Kleists Schreibstil ist immer noch ein zweischneidiges Schwert: Einerseits sind die Sätze nicht selten überkomplex (und der Satzbau auch irreführend, daher war ich sehr dankbar für die Anmerkungen in dieser Edition, die das aufgezeigt haben).
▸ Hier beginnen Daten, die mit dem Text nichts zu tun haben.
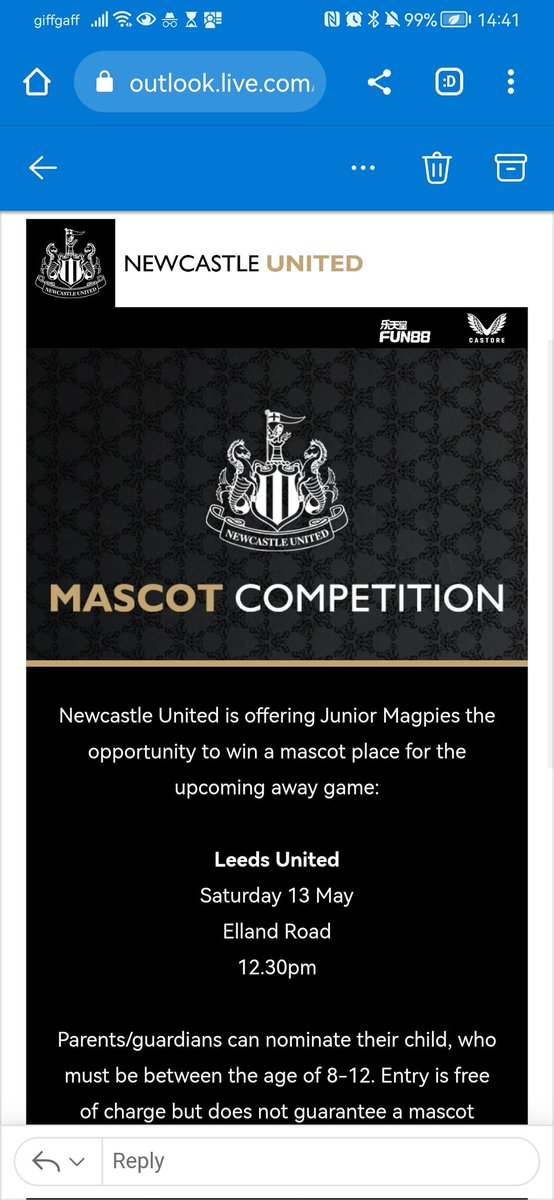 ajthomas1892's tweet photo. @Stevenrodden @miffta @Jethrotoolio @StoolFootball Yeah your right actually. Emails are all for away games.. They only go to the junior members email tho so check their account to enter. https://t.co/o27qt4xeBQ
Andererseits liebe ich diese Sätze auch (solange sie in sich sinnvoll sind), weil sie Geschehnisse und Gefühle auf eine (aus heutiger Sicht) unkonventionelle Weise beschreiben und so subtil eine neue Perspektive darauf geben.
Es war also eher die Komplexität in Bezug auf die Handlung, die mein Leseerlebnis etwas erschwert hat: Es tut mir leid, aber die Grenzen und Politik, Adelstitel und Regelungen des zerstückelten Heiligen Römischen Reiches Deutscher Nation des 16. Jahrhunderts gehen eben nicht so ganz in meinen Kopf. Wenn also ewig lang ebendiese Dinge aufgezählt werden, dann führt das zu gewissen Verständnisproblemen. Das ist vor allem in der zweiten Hälfte der Fall, während in der ersten viel mehr passiert, das richtig mitreißend ist. Kleist beschreibt die Geschehnisse dabei auch so bildlich, dass tatsächlich ein Film vor dem inneren Auge abläuft. 
Besonders geht es in „Michael Kohlhaas“ aber natürlich um ihn selbst. Obwohl alles andere als sympathisch - ich glaube, für Männer des 16. Jahrhunderts die von Männern des 19. Jahrhunderts geschrieben wurden, ist das kaum möglich -, ist die Mischung aus Mitgefühl, die man als Leser*in aufgrund der verwehrten Gerechtigkeit, dem Mitfiebern, dass man trotz seiner Schandtaten bis zu einem gewissen Punkt empfindet, gegenüber der Verachtung, die man seiner Selbstüberschätzung und eigenen Ungerechtigkeit irgendwann fühlt, einfach spannend.
Insgesamt also nicht das einfachste Buch, das ich der zweiten Hälfte auch die ein oder andere Länge aufweist; gleichzeitig aber überraschend fesselnd und nimmt mit in eine mittelalterlich-neuzeitliche Welt von Rittern, Junkern und Rosshändlern.